## Assigned task:
Would you return the listing that follows exactly, leaving its pictures behind?

## Given information:

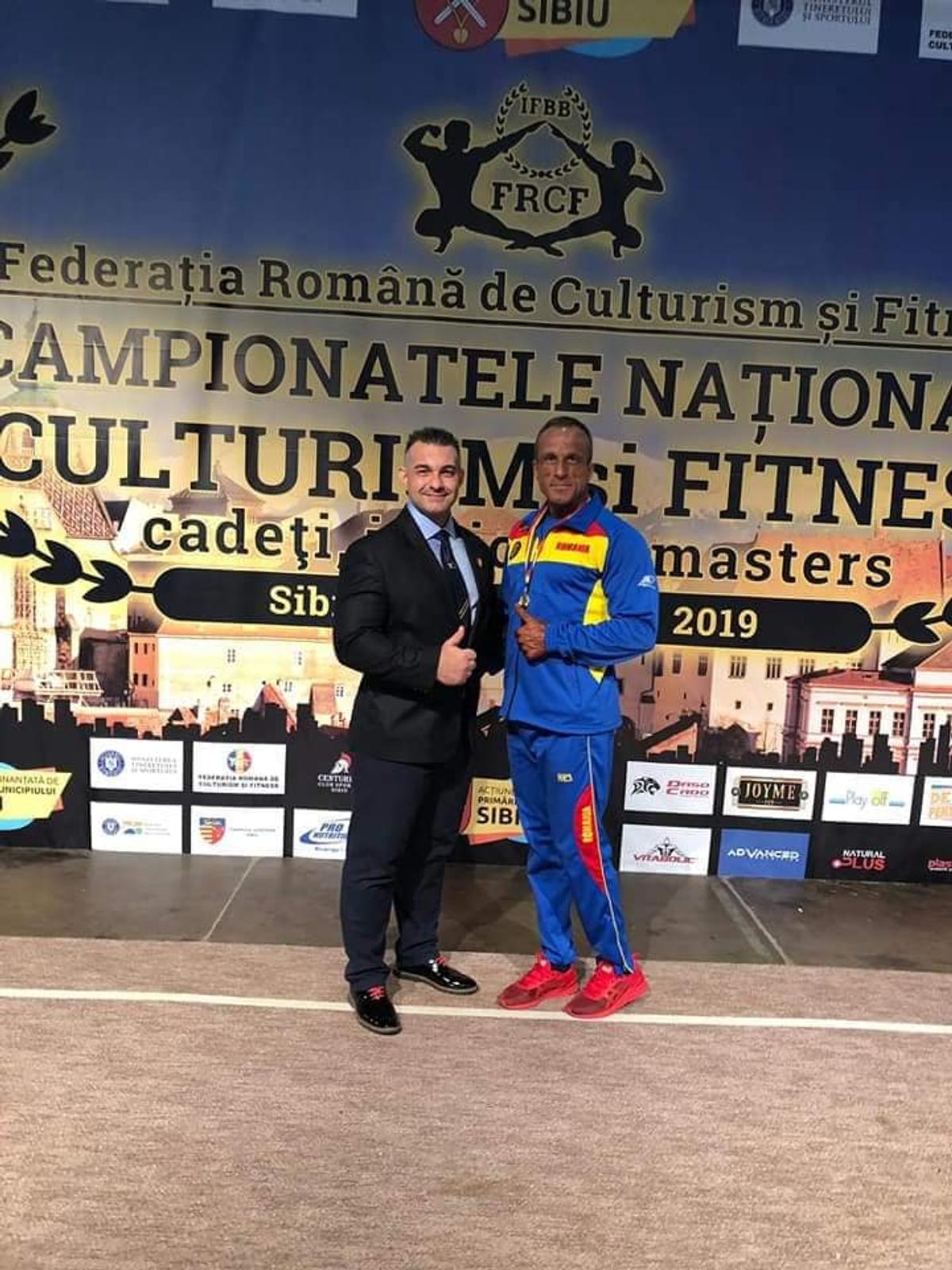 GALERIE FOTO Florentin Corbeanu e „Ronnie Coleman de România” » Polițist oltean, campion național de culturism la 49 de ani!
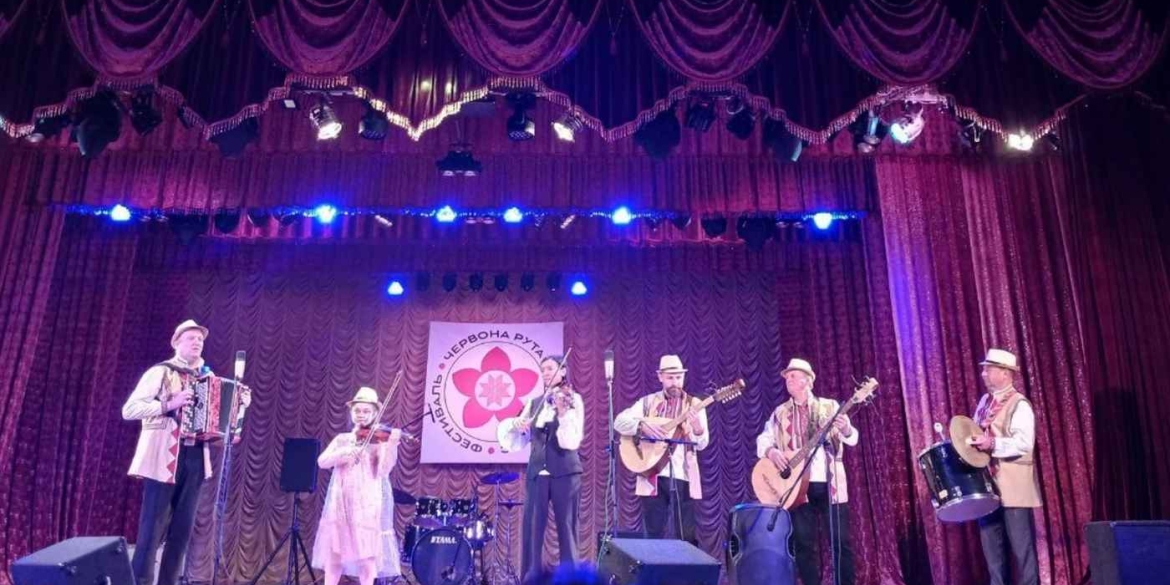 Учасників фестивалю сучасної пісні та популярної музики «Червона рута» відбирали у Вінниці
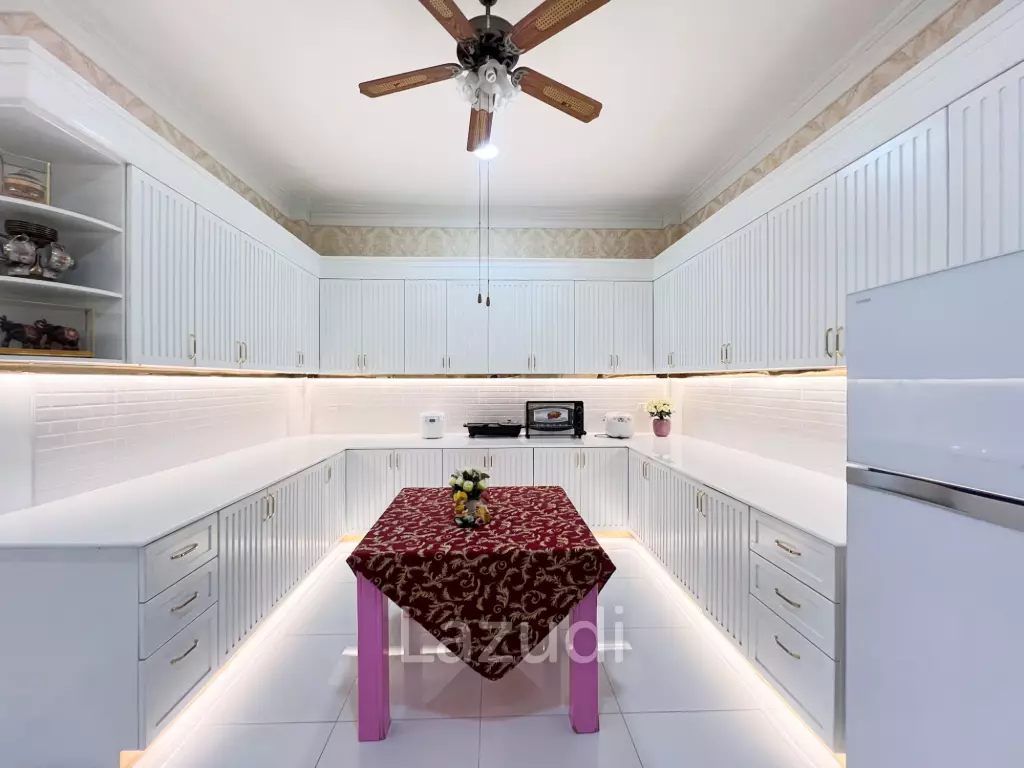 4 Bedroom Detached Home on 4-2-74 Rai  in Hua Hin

## Problem solution:
 GALERIE FOTO Florentin Corbeanu e „Ronnie Coleman de România” » Polițist oltean, campion național de culturism la 49 de ani!
 Учасників фестивалю сучасної пісні та популярної музики «Червона рута» відбирали у Вінниці
 4 Bedroom Detached Home on 4-2-74 Rai  in Hua Hin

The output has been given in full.